Светлый фон

Предвкушая приятную ночь в женских объятьях, Юлиан переложил плащ в другую руку, галантно улыбнулся и вошел внутрь.

Наурика лежала на кушетке, подбитой алыми тканями, утонув в подушках, и подпирала голову кулачком. Вид у нее был грозный-прегрозный, губы плотно сжаты, а брови — нахмурены. Но Юлиана было не обмануть. За свои полсотни лет он пусть и не познал женщин целиком, но хотя бы отчасти стал понимать их. И напускная суровость Наурики, которая привыкла, что все вокруг нее пляшут, ублажая, его только раззадорила. На столике были разлиты в графинах алая кровь и рубиновое вино. С улыбкой и хитрым взглядом Юлиан прошел мимо Наурики, словно ее и не было здесь, налил уверенным жестом себе напиток, принюхался и принялся смаковать. Затем он встал у окна. За окном неистово бился дождь, швыряя тяжелые капли в стекло.

Наурика вздернула бровь, как любила это делать, но смолчала. Она продолжала выжидать, не шелохнувшись. Наконец Юлиан отошел от окна, за которым разворачивалась мрачная картина, присел рядом с королевой и словно впервые обратил на нее внимание.

— Мне кажется, ты сюда приходишь выпить, — с иронией заметила она, — а не ко мне.

Юлиан промолчал, лишь ответно вскинул брови и хитро улыбнулся. Он продолжал смаковать кровь, и в глазах Наурики скрытое недовольство женщины, с которой играют, сменилось неким животным восторгом.
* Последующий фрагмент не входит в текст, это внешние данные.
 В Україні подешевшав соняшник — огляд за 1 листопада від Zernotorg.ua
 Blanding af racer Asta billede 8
Они оба молчали и обменивались ухмылками. Между ними не было ни любви, ни каких-либо клятв верности, так как оба являлись любовниками, назначенными друг другу из политических соображений. Для Наурики ее любовник был возможностью получить мужскую ласку через эту лазейку с Вестником Гаара, несущим здоровье, чтобы не потерять лицо при дворе и не забеременеть, а для Юлиана королева стала приятным времяпрепровождением и утолением амбиций, ростки которых появились в его душе. Но больше всех здесь, конечно, выигрывал Илла Ралмантон: он держал под контролем столь опасную позицию, как фаворит королевы, и имел виды на то, чтобы его наследник крепко вошел во дворец, получив чин.
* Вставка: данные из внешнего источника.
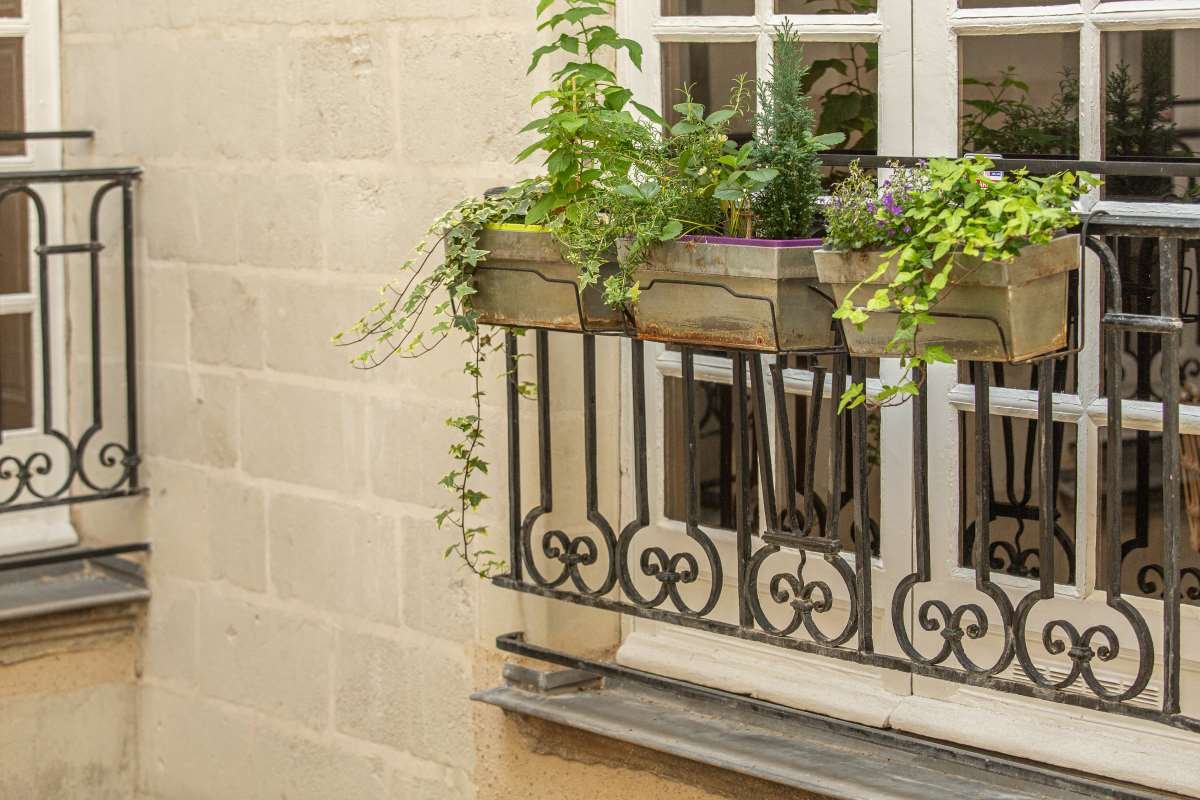 Mur en pierre, tuffeau, garde-corps,  jardinière bac fleuri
Но все же между этими двумя завязалось некое подобие дружбы. Они были почти ровесниками и находили в объятьях друг друга и порок, и тайну, и разговоры. Эти встречи в освещенной лишь одним сильфовским фонарем комнате были для них отдыхом для души и тела.

И вот Юлиан потянулся к лежащей на подушках женщине, поднял ее как пушинку и усадил к себе на колени. Волосы ее, заплетенные в сложную косу, с древесными заколками между каштановыми локонами, отливали шелком в рассеянном свете светильника. Юлиан находил свою прелесть в этой выглаженной магами, но зрелой красоте, в этих мудрых глазах, в которых переплетались опыт, ответственность и усталость. Он неспешно потянул завязки платья, обшитого золотом и серебром так, что оно походило на выходной наряд и стоило наверняка так же. Наурика лежала, и на ее лице блуждала томная улыбка. Ей нравилось, когда ее так медленно раздевали. Ей нравилось и когда ее раздевали быстро. Она вообще поняла, что их с Юлианом желания часто совпадают, и знала, что продлит статус Вестника на многие годы.